NFL Quick Shots: Draft mistakes don't have to hold teams hostage

Matt Trowbridge

Recent bad drafts, conventional wisdom says, give Mike Singletary little chance in San Francisco. The Chicago Tribune wrote that taking Alex Smith No. 1 overall in 2005 set the 49ers back five years.

If that’s true, how come Tennessee went into Monday night as the NFL’s only unbeaten team? The Titans (6-0) wasted two recent high draft picks, taking Adam “Pacman” Jones No. 6 overall in 2005, two picks after the Bears took Cedric Benson. Vince Young, the No. 3 overall pick in 2006, now sits on the bench.

Teams are only held hostage by bad drafts when they tie themselves to those players, regardless of performance. The Bears took Benson, yet went to the Super Bowl when they kept playing Thomas Jones. Green Bay took Aaron Rodgers with a first-round pick, yet was willing to keep him on the bench for three years. The Chargers added Philip Rivers, a No. 4 overall pick, but became an AFC power by sticking with Drew Brees until Brees got hurt.

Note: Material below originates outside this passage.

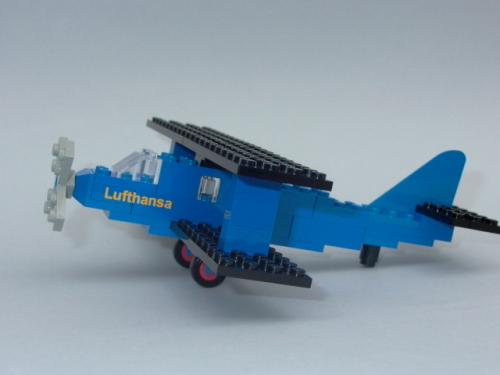 LEGO LEGOLAND Lufthansa Double-Decker (1562-3) LEGO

The only teams “held hostage” by bad draft picks are the ones who hold themselves hostage. Like the Ravens with Kyle Boller or the Bucs, for years, with Trent Dilfer.

Are the Vikings through?

FOX Sports reported Sunday that Pro Bowl defensive tackles Pat Williams and Kevin Williams, the anchors of Minnesota’s defense, could be suspended after testing positive for a masking agent during a random drug test. Similar transgressions have merited four-game suspensions in the past. The Vikings have already lost middle linebacker E.J. Henderson for the season with a foot injury. The Vikings (3-4), preseason NFC North favorites, look finished.

Packers stronger in secondary

Green Bay’s defense may improve as much as Minnesota’s falters after the bye week. The Packers’ secondary has been every bit as battered as Chicago’s, but Pro Bowl cornerback Al Harris seems ready to return from a spleen injury and hard-hitting safety Atari Bigby may finally be recovered from a hamstring injury. A week of rest should also help Charles Woodson, who has somehow been one of the top cornerbacks in the NFL despite a foot injury.

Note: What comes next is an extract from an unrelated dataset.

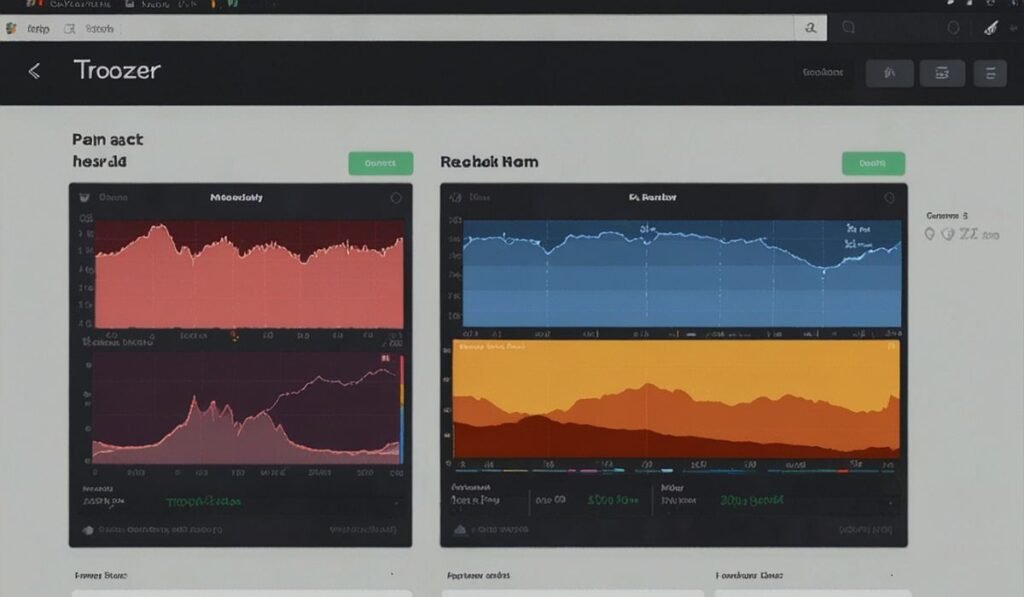 Troozer com online shopping aggregator platform screenshot for smart price comparison.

Tramon Williams was a pleasant surprise filling in for Harris. If Harris returns, Williams can move to nickel back. If so, the secondary, easily Green Bay’s defensive strength, will suddenly be stronger than ever.

Will Vikes go back to Tarvaris?

If Pat and Kevin Williams get suspended, Minnesota may have passed Detroit as the most dysfunctional team in the NFC North. The Vikings’ problems all began with tying the team’s fortunes for two years in a row to unproven quarterback Tarvaris Jackson. If the season goes south, Jackson may yet get another chance. And he should get a chance; he just never should have had the first chance guaranteed to him.

“I don’t think there is any downside to stepping away when it’s best for the team,” coach Brad Childress said two weeks ago, citing Kyle Orton’s emergence as proof. “It doesn’t need to be a death knell for Tarvaris Jackson. Just a step away and a learning process. There is no shelf life on a quarterback. Everybody does it a different way.”